Being able to “shake off” those oh shit moments I believe is so fundamental to being able to move on. I can laugh off those moments, but I can’t shake off those damn nerves. My current lease horse has gone and done it and now he is lame. Talk about stressed! I’ve been trying to work on building my saddle confidence with him, and now.. this. Regardless, I still love him.
Now, I have to face my nerves and ride another horse(s) until he is better. We found out he was lame moments before my lesson was due to start on Monday. So being the nervous equestrian that I am, I backed out of my lesson that would of been on another horse.
THAT WAS SO DUMB. (face pam… the biggest face palm EVER!)
I should have just shaken off my nerves and just did the damn lesson and been done with it. I am not going to get any further ahead in this mental game if I keep giving into my nervous self. I ride two days a week at the moment, so my weekly lease ride also has to be on someone else until Huntec is better.
Jesus take the wheel.
Well, the wheel was taken and I did it. I was able to ride my friend Leigh-Ann’s horse Cooper for my lease ride last night. It honestly, was fine. I was fine, he was fine. I wasn’t nervous to ride him at all. I was actually really relaxed (surprise, surprise).
UNTIL.. This adorable little thoroughbred (WHO SHALL REMAIN NAMELESS, hehe) decided to spook at basically life. Which then caused Cooper to spook and me to be like OH SHIT! But you know what, I WAS FINE. Despite him acting different than minutes previously before, everything was still fine. I kept my leg on and sat up (OMG, something I learned and I was able to focus on it, in that moment of time!).
But, then I took that dang wheel back.
I was nervous. I was trying to breathe and just focus on what was going on underneath me and focus his attention elsewhere. Other than the fact it wasn’t his Mom doing the riding.
It then hit me, my nervousness was affecting this horse. He was totally feeding off my body language. Everything my coaches have been drilling in my head this whole time, came through like the biggest beam of light ever. I need to own it. I need to think and ride like I have all the confidence in the world.

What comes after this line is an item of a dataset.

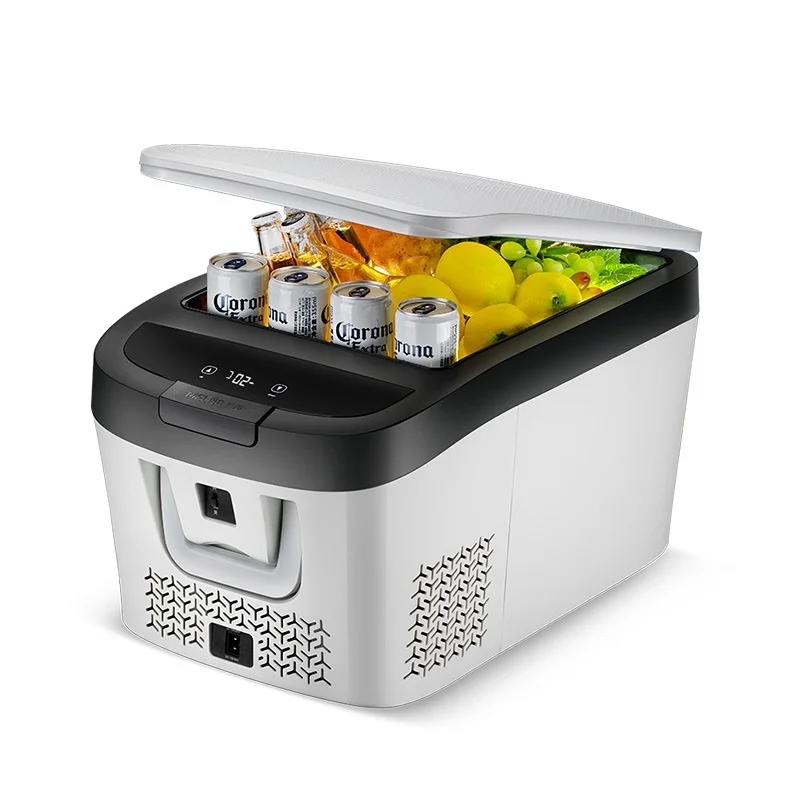 Mini refrigerador portátil al por mayor del coche del compresor de 25L 12V DC con el congelador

I CAN DO THIS. I AM A BAD ASS!
I then realized two things: I can get off if I want too, and then feel even more stupid than I did on Monday for giving into my nerves or, I can continue on. Because honestly, nothing THAT bad was happening (like at all – hellooo mental games) that I needed to get off and call it a night.
So, I went with option 2. I continued on. I just worked on breathing, pushing him forward. He really is a sweet horse, and just so responsive to my body language that it took me by surprise. It was such a good experience to ride another horse. While Huntec is healing I know that I will have to face many new (and old) fears of riding and jumping different horses.
When it is all said and done, I can say once again “I did it” and someone better supply the wine (Jacob’s Creek Moscato is my favorite.. HINT).
So, lets shake off those nerves. And say a little pray for me for my Monday lesson. Because we all know my coach is going to make me jump a stick.